Saturday Story 2025 #32 (Excerpts from the Diary of a Hypnodomme – 7)
This gentle femdom piece continues today. You can find it on my Patreon. Synopsis below:
A Domme who recently returned to the world of kink shares some experiences of her journey with a new client. A gentle femdom piece.
As promised, I’m continuing this one, intending to wrap it up in a satisfactory fashion. It’s been a minute, so I decided to reflect the passage of time in the story as well because shit happens when you least expect it. Please enjoy.
To read this story before anyone else, head over to my Patreon page and become Spell… B-O-U-N-D, too. The minimum pledge for this type of early access is $5 per month.
https://www.patreon.com/posts/136650965
A small excerpt is available below:
August 5,
Sorry for being away for so long. I know some of you check this journal regularly, either for new posts or to see if your comments received a response, so it’s only fair that I offer you an explanation.
I didn’t mean to vanish, but life has a way of slipping a leash and dragging us in directions we’d rather not go. When that happens, all our clever plans and carefully curated routines get scattered like pebbles in a river and are carried away by the current. That’s where I’ve been, tumbling along at the mercy of other forces.
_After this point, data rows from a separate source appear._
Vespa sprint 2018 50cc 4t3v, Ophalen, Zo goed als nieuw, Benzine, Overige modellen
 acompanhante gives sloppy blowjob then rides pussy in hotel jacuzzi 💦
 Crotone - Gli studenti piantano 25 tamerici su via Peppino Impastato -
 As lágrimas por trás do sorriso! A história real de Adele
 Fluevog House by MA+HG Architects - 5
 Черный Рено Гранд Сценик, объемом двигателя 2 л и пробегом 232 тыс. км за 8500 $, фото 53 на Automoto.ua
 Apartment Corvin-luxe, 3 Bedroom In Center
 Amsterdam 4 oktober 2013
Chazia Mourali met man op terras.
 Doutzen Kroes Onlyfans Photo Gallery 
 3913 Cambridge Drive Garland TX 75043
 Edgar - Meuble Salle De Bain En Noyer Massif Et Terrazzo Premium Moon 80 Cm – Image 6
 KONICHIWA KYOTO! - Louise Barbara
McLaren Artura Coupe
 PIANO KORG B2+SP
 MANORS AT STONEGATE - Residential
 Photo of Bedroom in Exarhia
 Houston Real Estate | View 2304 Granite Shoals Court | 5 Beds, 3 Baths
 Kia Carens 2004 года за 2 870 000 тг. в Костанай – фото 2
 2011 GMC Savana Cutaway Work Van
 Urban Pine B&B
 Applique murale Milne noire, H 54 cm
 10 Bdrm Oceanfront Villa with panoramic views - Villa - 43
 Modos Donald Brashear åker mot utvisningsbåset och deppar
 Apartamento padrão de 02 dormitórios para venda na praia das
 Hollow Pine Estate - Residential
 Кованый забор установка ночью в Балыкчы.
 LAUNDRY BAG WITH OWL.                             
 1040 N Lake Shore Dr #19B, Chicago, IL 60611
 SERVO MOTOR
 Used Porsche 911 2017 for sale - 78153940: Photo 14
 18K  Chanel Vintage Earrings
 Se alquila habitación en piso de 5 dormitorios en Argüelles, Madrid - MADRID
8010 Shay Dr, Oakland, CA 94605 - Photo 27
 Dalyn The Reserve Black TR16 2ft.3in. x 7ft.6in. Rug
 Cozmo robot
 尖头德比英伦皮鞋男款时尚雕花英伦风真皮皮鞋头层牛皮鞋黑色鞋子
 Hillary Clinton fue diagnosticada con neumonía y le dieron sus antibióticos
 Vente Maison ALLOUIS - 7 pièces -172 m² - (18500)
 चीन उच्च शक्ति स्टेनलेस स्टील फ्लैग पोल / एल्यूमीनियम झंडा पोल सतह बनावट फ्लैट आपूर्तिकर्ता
If you want to know what kept me away from the kink world for almost four months, the answer isn’t very glamorous or even particularly interesting: I had a family emergency. My mother, who is in her seventies and is more stubborn than any mule in existence, was in the hospital after a nasty fall.
The details are unremarkable – a slick tile, a missed handrail, a momentary lapse of balance – but the consequences were not. Multiple fractures, a concussion, and a stubborn refusal (on her end) to be “a burden” made for weeks of tension, stress, and the kind of mental fatigue that doesn’t clear out with a single good night’s sleep.
Now, I have always been the “responsible daughter”. The “good” daughter, even if my nightlife might suggest otherwise. So of course, the moment I got the call, I dropped everything – work, sessions, even the writing I claim to love more than anything – and drove three hours to the hospital. I packed a bag so hastily that I forgot my laptop charger and had to buy a new one at a depressing electronics store next to a Cinnabon.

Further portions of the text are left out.